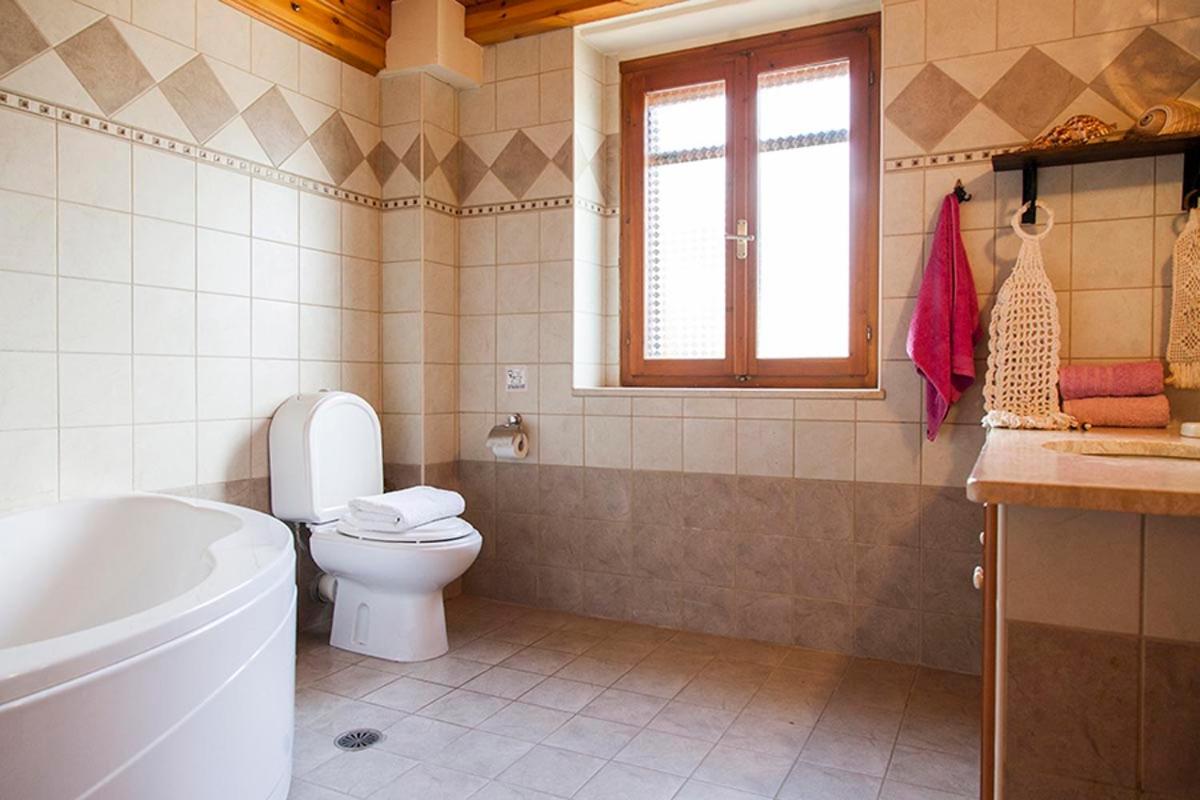Katouna Holiday House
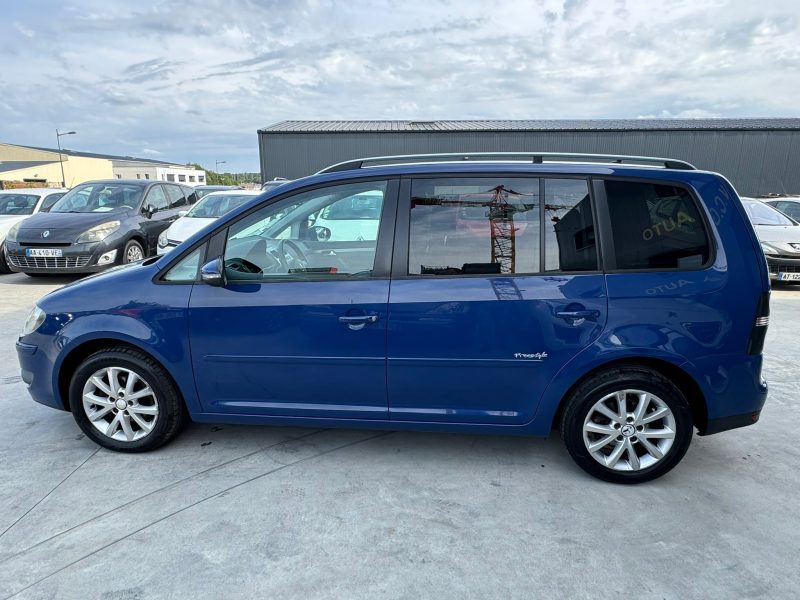 VOLKSWAGEN TOURAN 2010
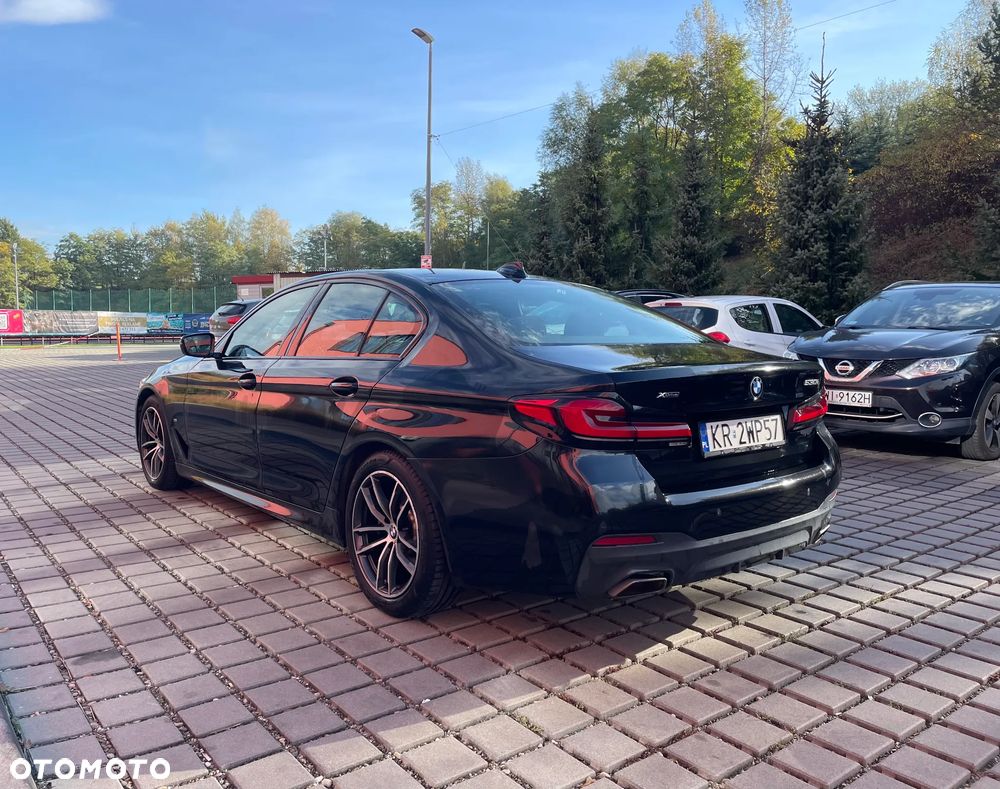 BMW Seria 5 530i xDrive mHEV M Sport sport - 5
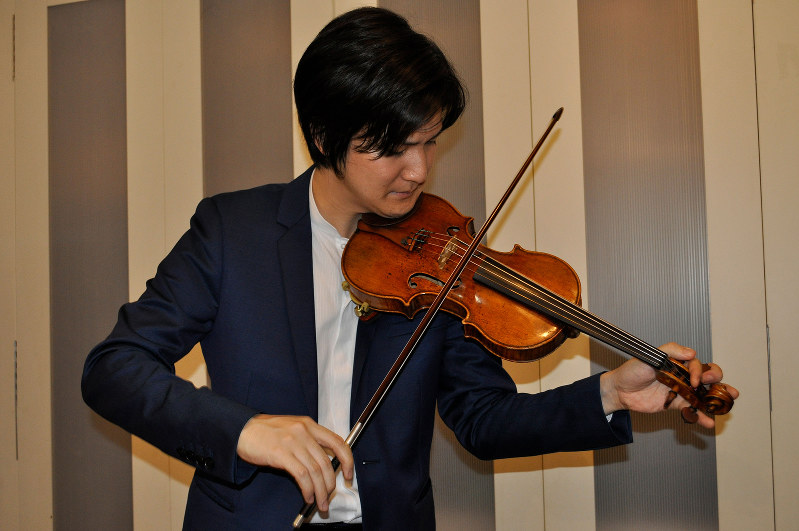 特集：演奏するほど価値を維持できるストラディバリウスの世界＝小田切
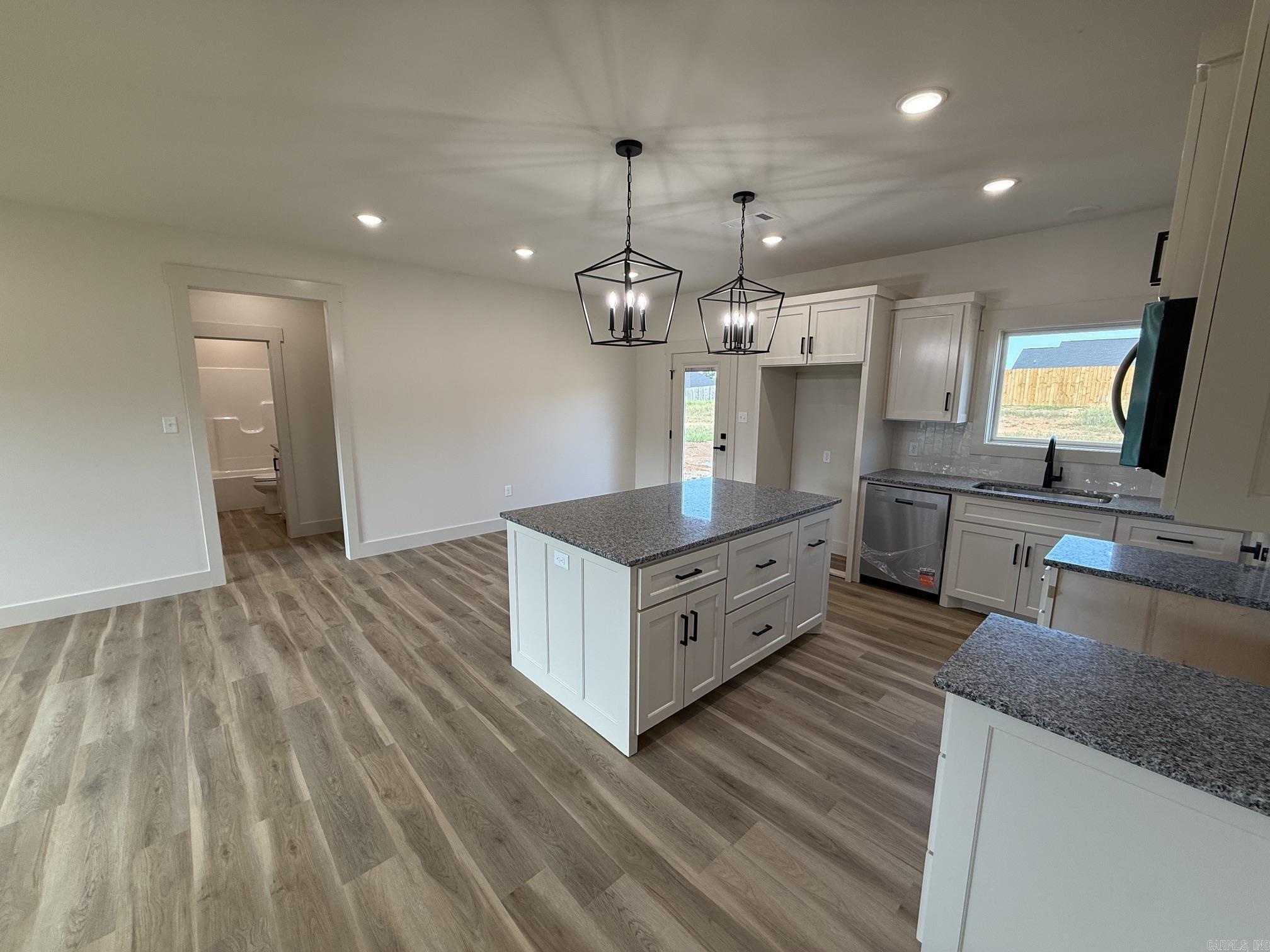 10 Odessa Davis Drive  Greenbrier, AR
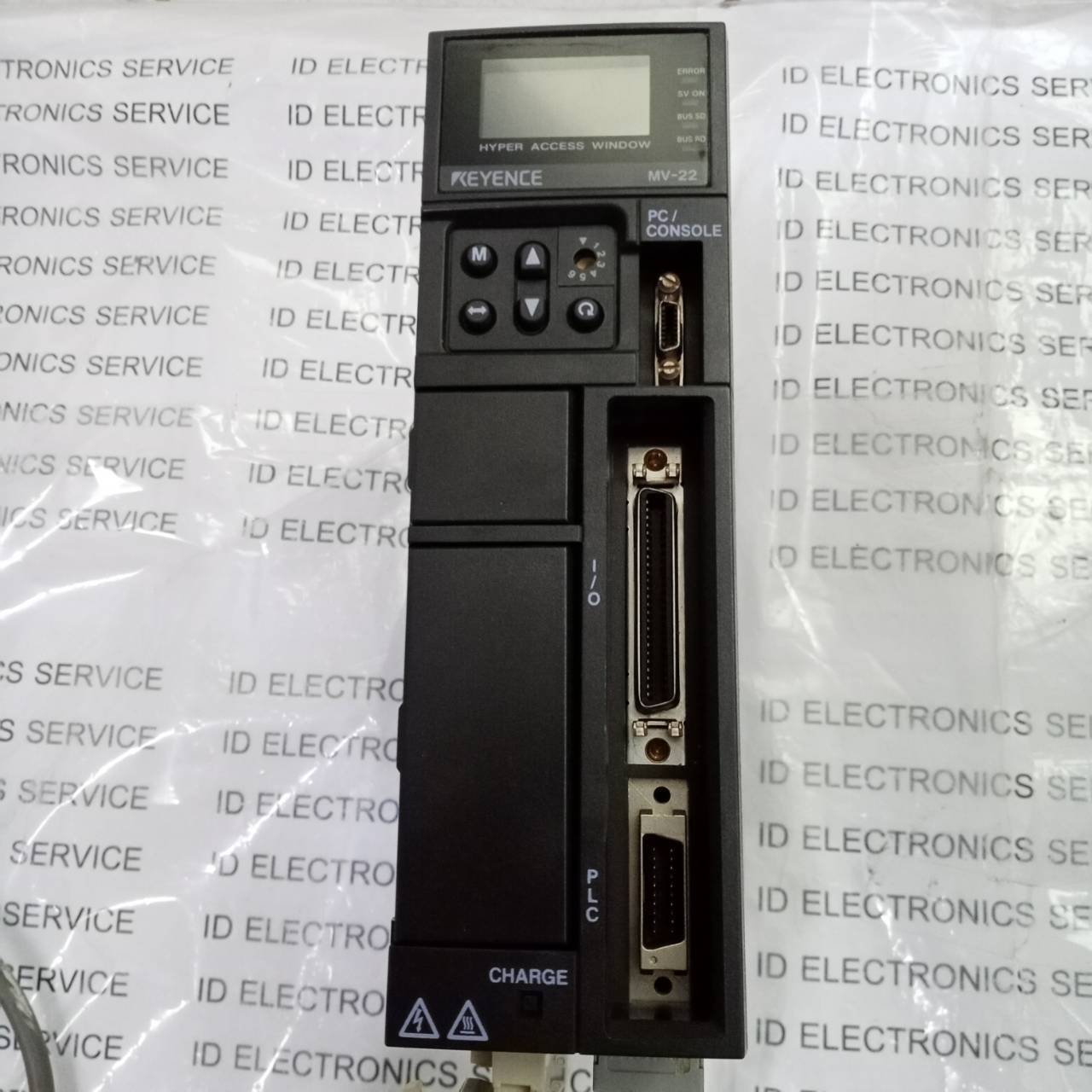 MV-22 SERVO DRIVE " KEYENCE "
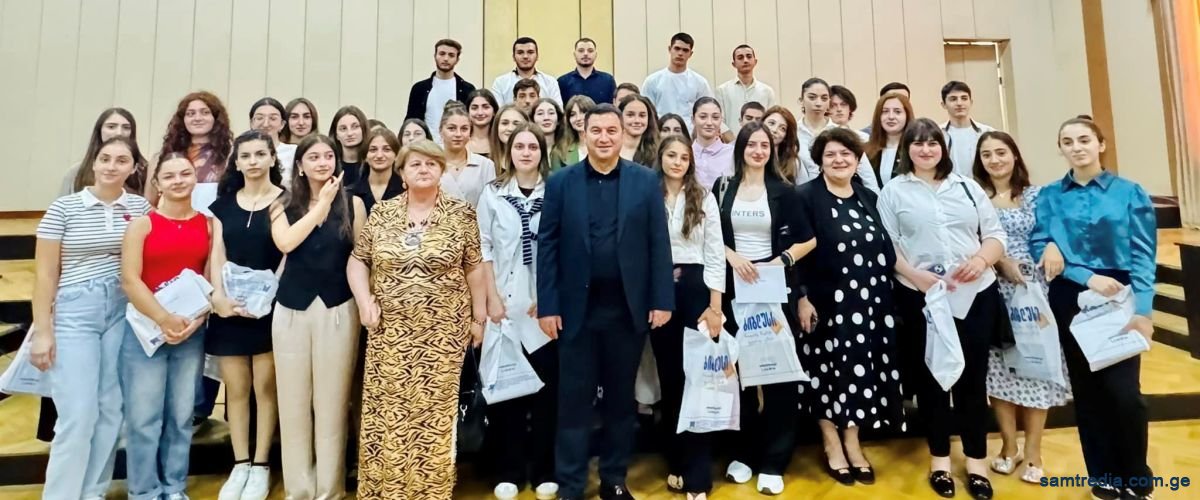 სახელმწიფო გრანტის მფლობელ სამტრედიელ პირველკურსელებთან შეხვედრა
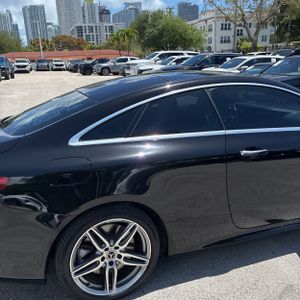 MERCEDES-BENZ E-CLASS - 9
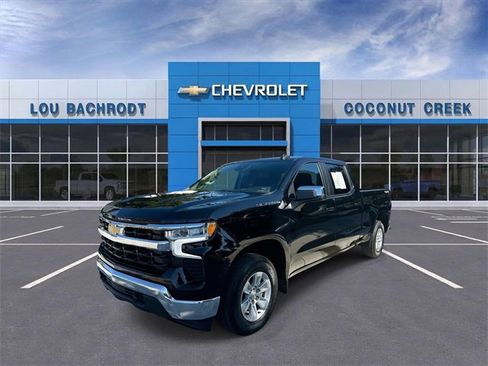 Used 2023 Chevrolet Silverado 1500 LT w/ Protection Package image 4
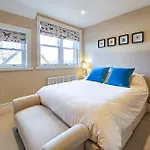 Exclusive 3 Bedroom Penthouse - 2 Bath & Mezzanine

======

Work to complete. No pictures should appear in the answer, which is to be the lines from the line with "სახელმწიფო გრანტის მფლობელ" through the end of the records above, restated exactly.

Answer box.
 სახელმწიფო გრანტის მფლობელ სამტრედიელ პირველკურსელებთან შეხვედრა
 MERCEDES-BENZ E-CLASS - 9
 Used 2023 Chevrolet Silverado 1500 LT w/ Protection Package image 4
 Exclusive 3 Bedroom Penthouse - 2 Bath & Mezzanine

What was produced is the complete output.